Pour combattre le radicalisme, pas moins d’islam mais plus d’histoire

Les origines kharidjites de l’organisation de l’État islamique

Pour combattre le radicalisme, les pays de l’Union européenne devraient changer d’approche. Il est nécessaire qu’ils cessent de croire que l’on est en voie de radicalisation dès lors qu’on s’intéresse aux origines et à la nature de l’islam. De leur côté, les États où la religion musulmane est majoritaire devraient encourager la jeunesse à mieux connaître et analyser sa religion, afin de rejeter systématiquement l’islamisme radical. 

L’organisation de l’État islamique (OEI) représente-t-elle l’islam ou en est-elle une caricature maléfique  ? Cette question continue de diviser. Elle oppose ceux des Occidentaux qui soupçonnent l’islam par principe aux musulmans indignés par l’OEI. Le débat fait également rage sur le front de la politique intérieure, en Europe et aux États-Unis.

Si nous devions suivre un raisonnement linéaire, nous en conclurions, comme ceux qui s’en méfient, que l’OEI représente l’islam et défend ses valeurs. Après tout, selon cette analyse, l’OEI est composée uniquement de musulmans, prétend parler au nom de l’islam, s’est proclamée «  califat  » et cite abondamment des versets et des dogmes coraniques tout en massacrant des musulmans et des religieux, en décapitant des Occidentaux, en démolissant des lieux de culte et des monuments historiques et en forçant des femmes et des jeunes filles à la prostitution et à l’esclavage.

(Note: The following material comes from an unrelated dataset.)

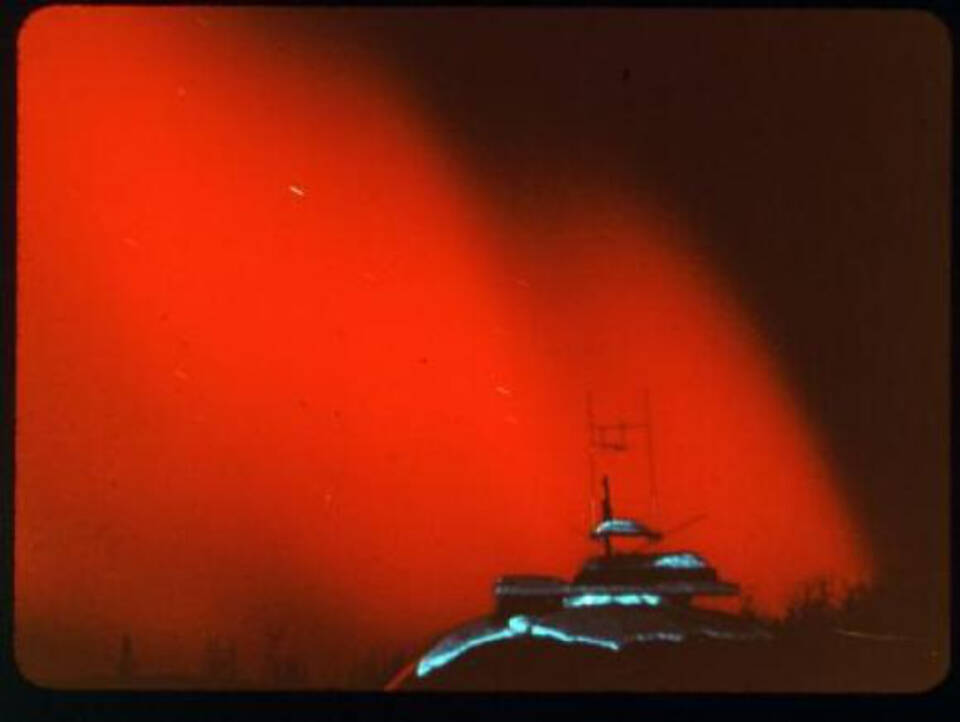 A rare red aurora is seen over Alaska in February 1958. Photo courtesy of the University of Alaska Fairbanks Geophysical Institute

En outre, la doctrine et le militantisme violents du califat auto-proclamé du XXIe siècle ne sont-ils pas sans précédent historique  ? Ne raniment-ils pas des pans entiers du passé islamique  ?

Ce genre de raisonnement oublie un fait très simple : il ne suffit pas qu’une chose appartienne au passé pour devenir «  vraie  » ou «  authentique  ». Le passé ressuscité par l’OEI n’est pas «  l’islam véritable  », inaltéré par la réforme moderne. C’est seulement un épisode du passé islamique, qui était déjà très loin du système de croyances et de pratiques de l’islam normatif.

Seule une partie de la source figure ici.